Yupz, kamu emang nggak salah. Namanya aja acting, pastilah ya harus meyakinkan. Bahkan Panda dan Mandala pun dibayar bukan cuma untuk menjadi host, tapi plus acting juga. Bagi mereka yang bekerja di dunia pertelevisian, sedari awal langsung ngeh bahwa acara-acara reality show seperti ini penuh dengan rekayasa. Namanya aja show atau pertunjukkan yang sudah jelas ada unsur menghiburnya dong. Hal ini tidak bisa dihindari karena tuntutan deadline. Ketika tidak ada satu kisah nyata yang bisa diangkat ke layar TV, maka solusinya adalah bikin skenario dan membayar pemain amatiran agar terkesan alami. Nah, awalnya saya pikir sebagian, tapi ternyata most of them alias hampir semua episode adalah rekayasa!

Cara gampang untuk mengenali bahwa ini adalah rekayasa yaitu kamu perhatikan aja kualitas suara yang jernih ketika terjadi percakapan antara host, client dan target. Kalau memang si target benar-benar tidak tahu sebagaimana ekspresi mukanya yang seringkali berakting bingung ketika didatangi host, maka seharusnya kualitas suara mereka tidak sejernih yang kita dengar di TV. Kejernihan suara itu karena memang adanya chip untuk mikrofon yang biasanya dipasang di baju. Nah loh…
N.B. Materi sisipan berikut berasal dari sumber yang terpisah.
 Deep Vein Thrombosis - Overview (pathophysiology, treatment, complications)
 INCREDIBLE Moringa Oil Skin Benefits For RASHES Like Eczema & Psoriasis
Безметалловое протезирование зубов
Kalo kamu jeli, ada wajah tokoh pada acara termehek-mehek yang juga sedang bermain sinetron meskipun hanya sebagai tokoh figuran. Lagipula, bila acara ini menyajikan kejadian sebenarnya, apa ada orang yang rela aibnya ditampilkan sedemikian rupa di TV? Kan sudah mendapat persetujuan dari semua pihak, mungkin itu kilahmu. Namanya juga dramatisasi Non, pastilah acara ini dihadirkan agar seolah-olah semuanya terlihat real.

Mengapa terjadi?

Yupz…kalo di benakmu sempat terbersit pertanyaan seperti ini, itu tandanya kamu sudah selangkah lebih cerdas. Kok bisa-bisanya reality show yang seharusnya real alias nyata, eh ternyata malah rekayasa. Kondisi ini memang memanfaatkan psikologi orang Indonesia yang cenderung pasif dan konsumtif. Mereka mudah ‘dicekoki’ apa saja terutama yang bertujuan pembodohan secara massal. Hal ini pula yang terjadi pada berbagai macam program TV di Indonesia.
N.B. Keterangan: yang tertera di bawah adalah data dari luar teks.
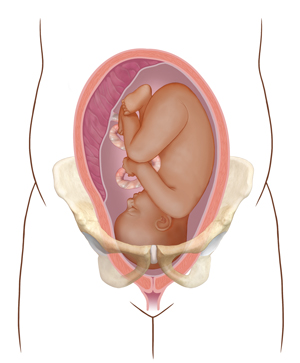 Front view cross section of uterus in pelvic bones showing fetus with head too large for birth canal.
Deadline, biasanya menjadi alasan utama rekayasa tayangan reality show. Jadi kalo nunggu kisah nyata beneran untuk ditayangkan, itu bakal menunggu waktu lama dan belum ada kepastian juga kasusnya bisa selesai atau nggak. Kalo direkayasa dengan skenario layaknya sinetron, maka menjual program ini ke stasiun TV jadi lebih mudah karena semuanya serba mudah dan pasti. Karena mudah dan ditonton banyak pemirsa, maka rating pasti naik. Kalo rating naik, iklan pun bakal rebutan untuk ambil porsi tayang. Nah, loh…UUD juga alias Ujung-Ujungnya Duit.
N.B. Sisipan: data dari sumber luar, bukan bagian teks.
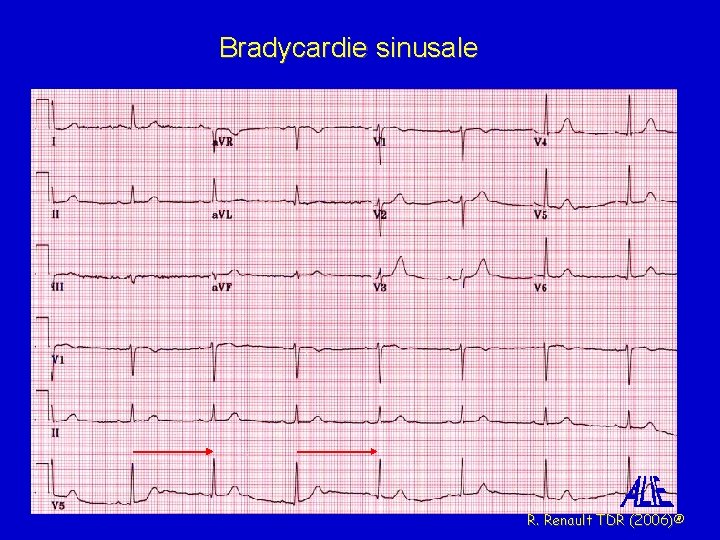 Bradycardie sinusale R. Renault TDR (2006)® 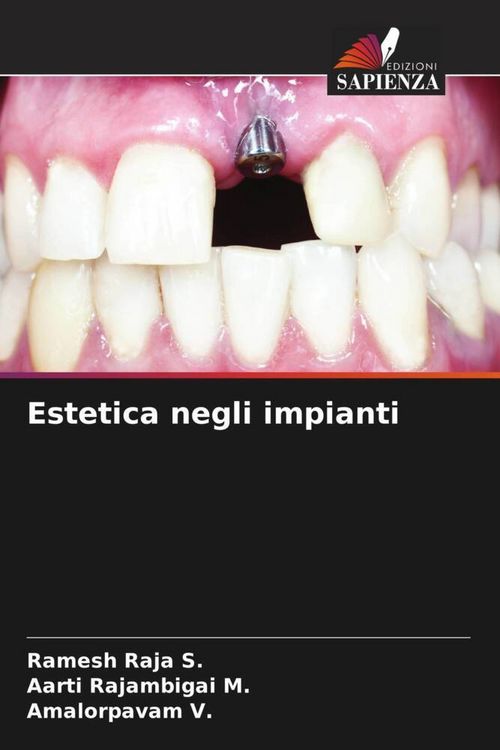 Produktbild: Estetica negli impianti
Berdasarkan data AC Nielsen di akhir tahun 2008, Termehek-mehek merupakan program acara paling populer dengan raihan rating 7,2 poin dan share 27,3 persen. Ini adalah yang tertinggi dari semua acara reality show yang ada di stasiun televisi lainnya. Menurut Gusti M Taufik, salah satu Event Coordinator pada sebuah Production House (PH) di Jakarta mengatakan bahwa budget produksi pasti akan membangkak jika shooting menggunakan kejadian real. Belum lagi memburu target pasti akan makan waktu lama. Perhatikan saja pada acara Termehek-mehek, meyoritas pencarian orang bisa dilakukan hanya dalam waktu beberapa hari. Padahal faktanya itu adalah skenario yang bisa diselesaikan hanya dalam waktu hitungan jam saja.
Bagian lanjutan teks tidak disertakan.